Captioned web image data
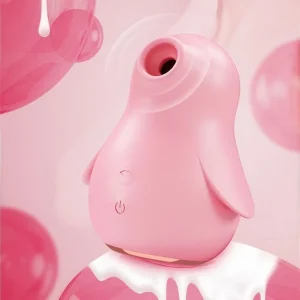 Pinky Penguin - Clitoral & Nipple Suction Toy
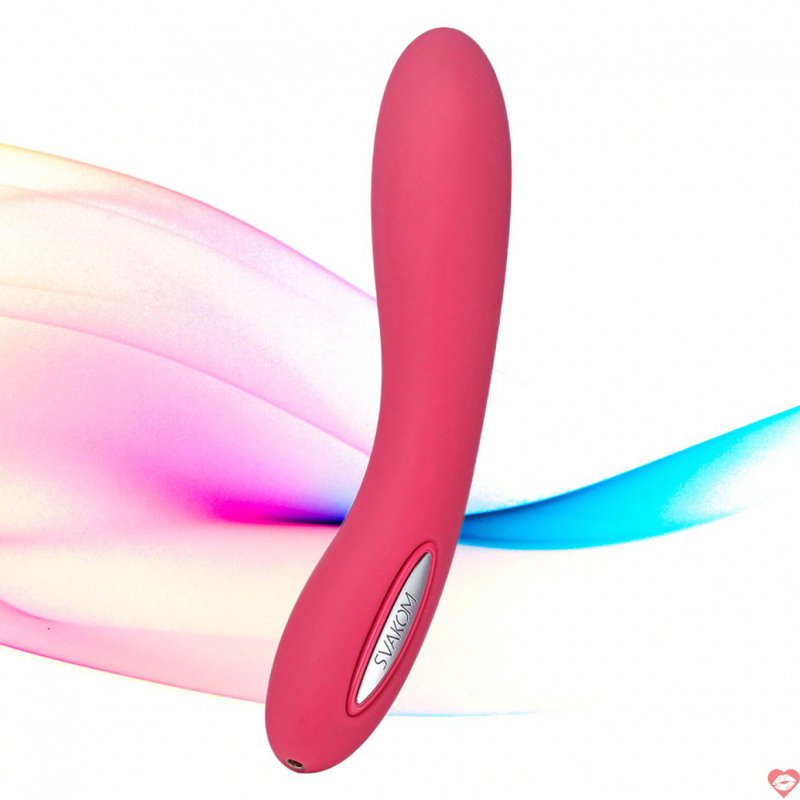Dương Vật Giả Silicon Cao Cấp Sưởi Ấm Tăng Hưng Phấn - SVAKOM LESLIE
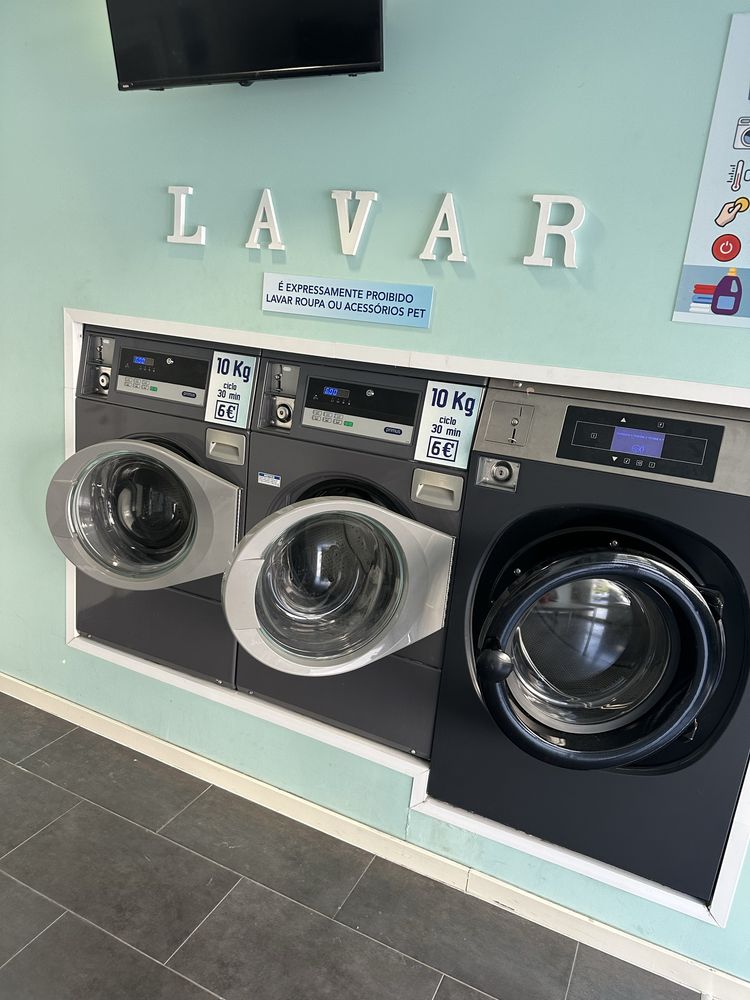 Maquinas para lavandaria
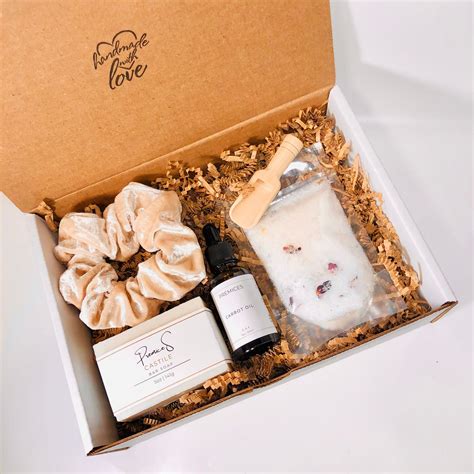 Serenity Spa Gift Box Spa Gift Set Stress Relief Box All | Etsy
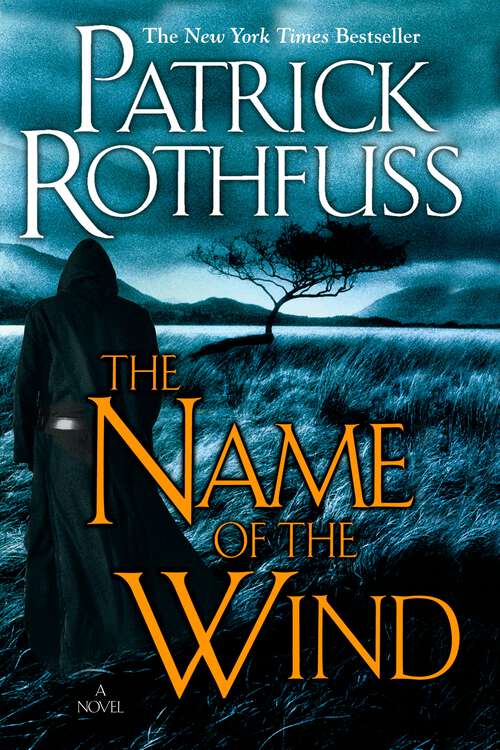 Book cover of The Name of the Wind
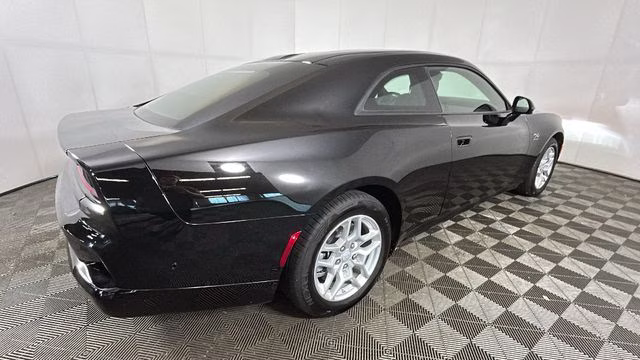 2025 Diamond Black Dodge Charger R/T AWD Coupe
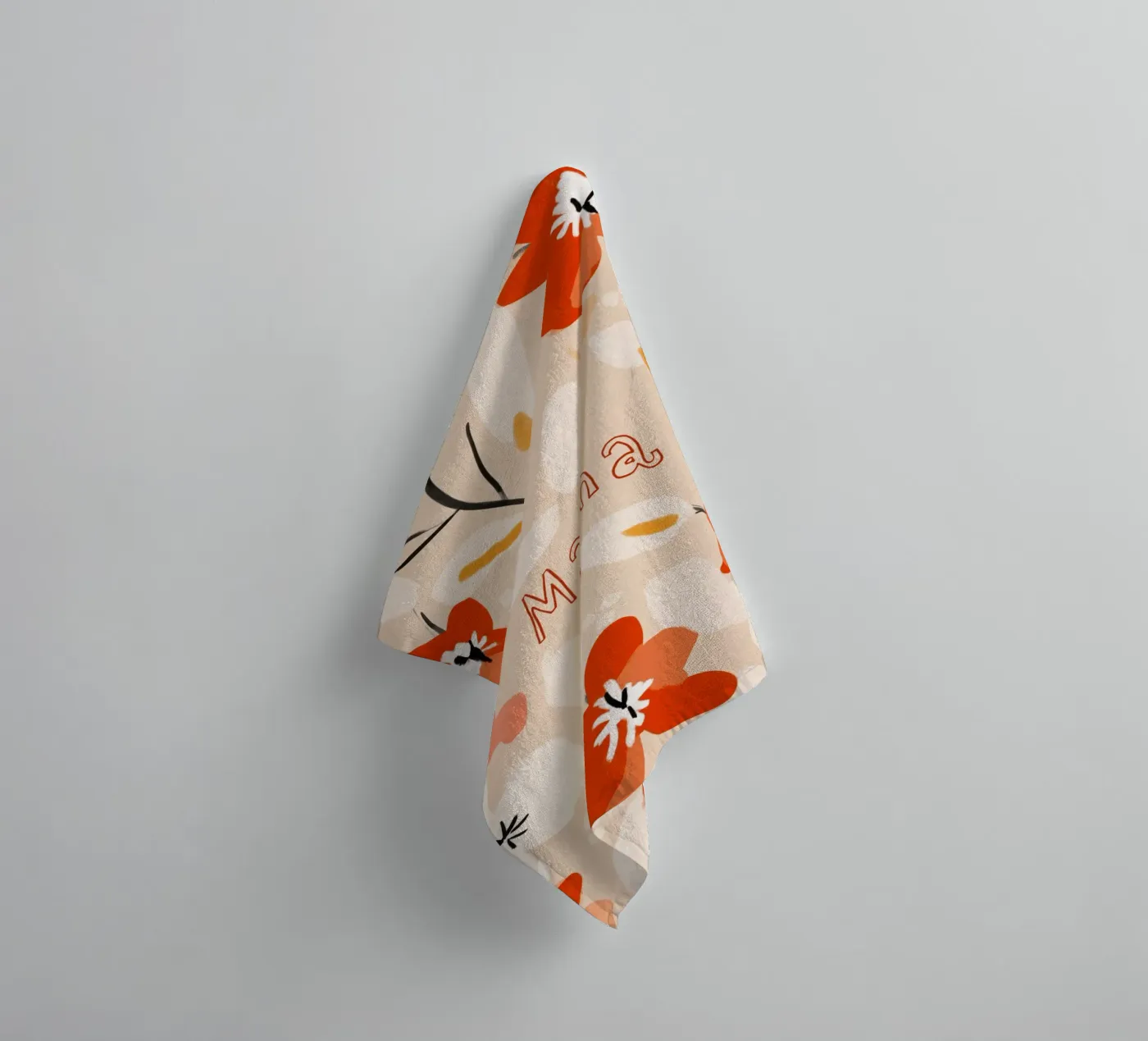 Mama towel by treechild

• Work to be completed
Retype the data in full. Images do not go in the copy.

• Answer space
 Pinky Penguin - Clitoral & Nipple Suction Toy
Dương Vật Giả Silicon Cao Cấp Sưởi Ấm Tăng Hưng Phấn - SVAKOM LESLIE
 Maquinas para lavandaria
 Serenity Spa Gift Box Spa Gift Set Stress Relief Box All | Etsy
 Book cover of The Name of the Wind
 2025 Diamond Black Dodge Charger R/T AWD Coupe
 Mama towel by treechild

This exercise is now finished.